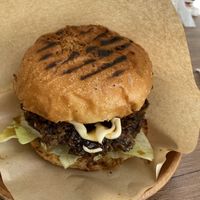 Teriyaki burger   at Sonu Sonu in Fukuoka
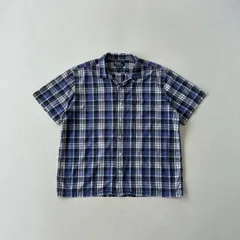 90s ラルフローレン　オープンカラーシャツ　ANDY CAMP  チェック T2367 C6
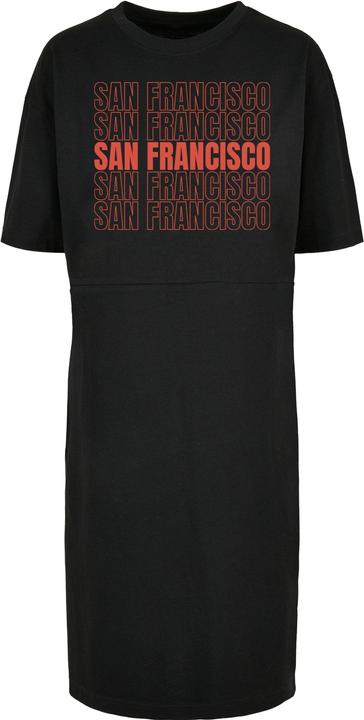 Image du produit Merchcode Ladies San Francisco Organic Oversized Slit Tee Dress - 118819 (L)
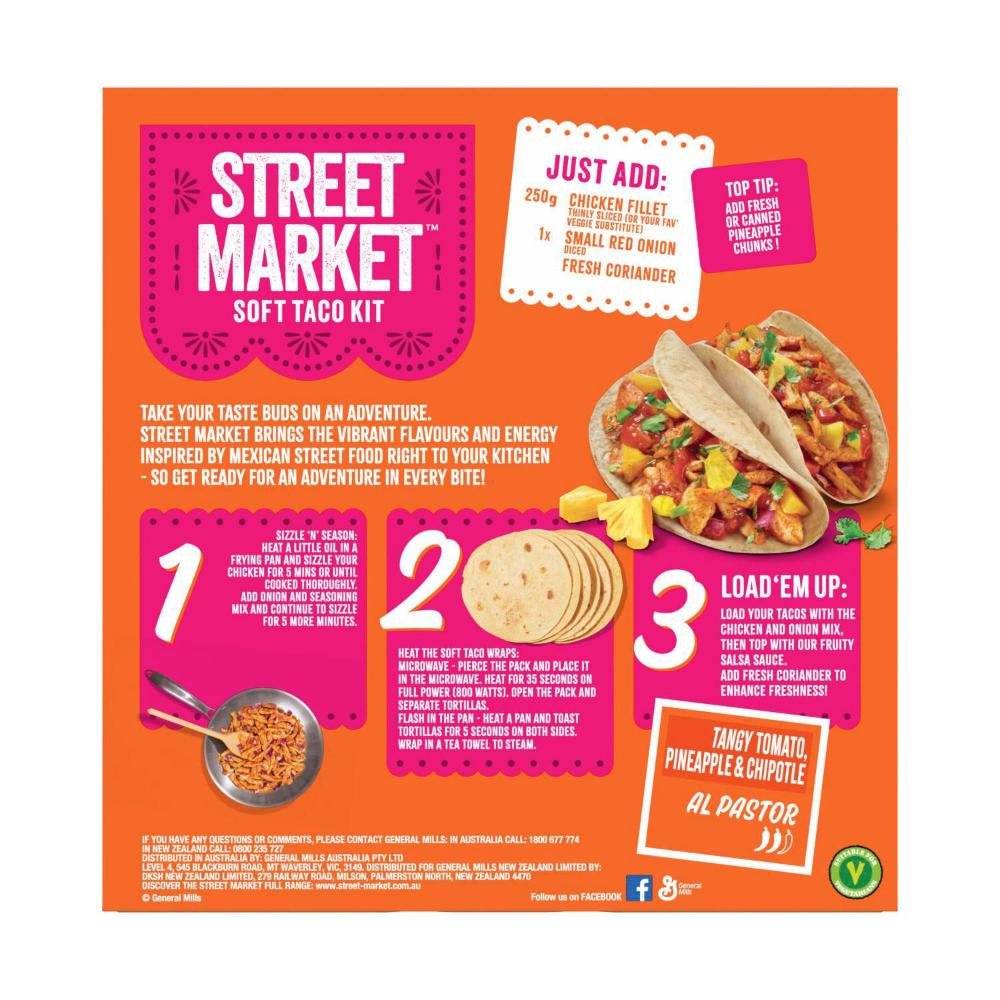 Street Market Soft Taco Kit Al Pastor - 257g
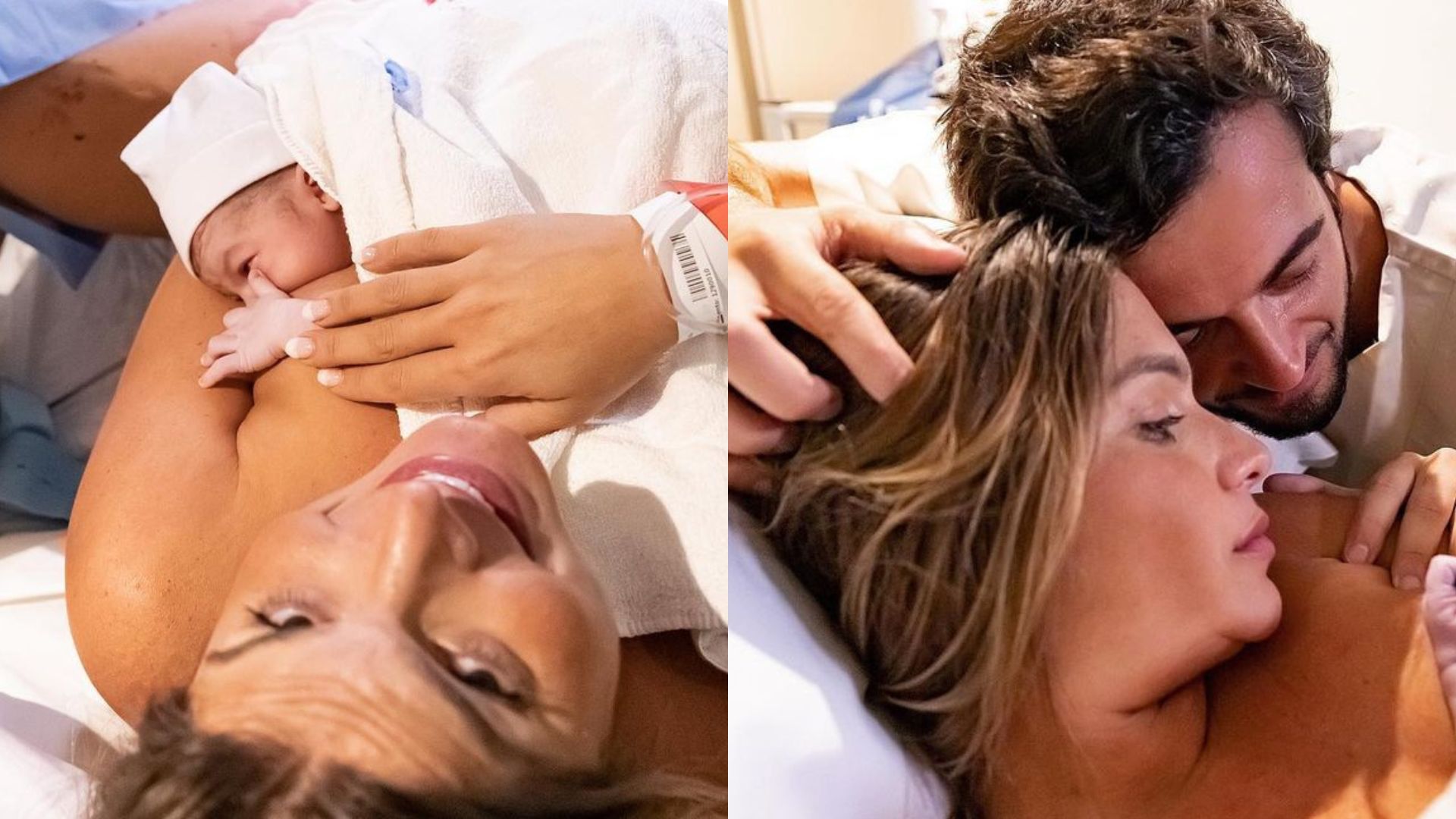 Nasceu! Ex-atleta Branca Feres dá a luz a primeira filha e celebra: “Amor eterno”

What you should do:
Output precisely the lines in the material above from the line containing "Image du produit" through its last line, and omit pictures.

Task solution:
 Image du produit Merchcode Ladies San Francisco Organic Oversized Slit Tee Dress - 118819 (L)
 Street Market Soft Taco Kit Al Pastor - 257g
 Nasceu! Ex-atleta Branca Feres dá a luz a primeira filha e celebra: “Amor eterno”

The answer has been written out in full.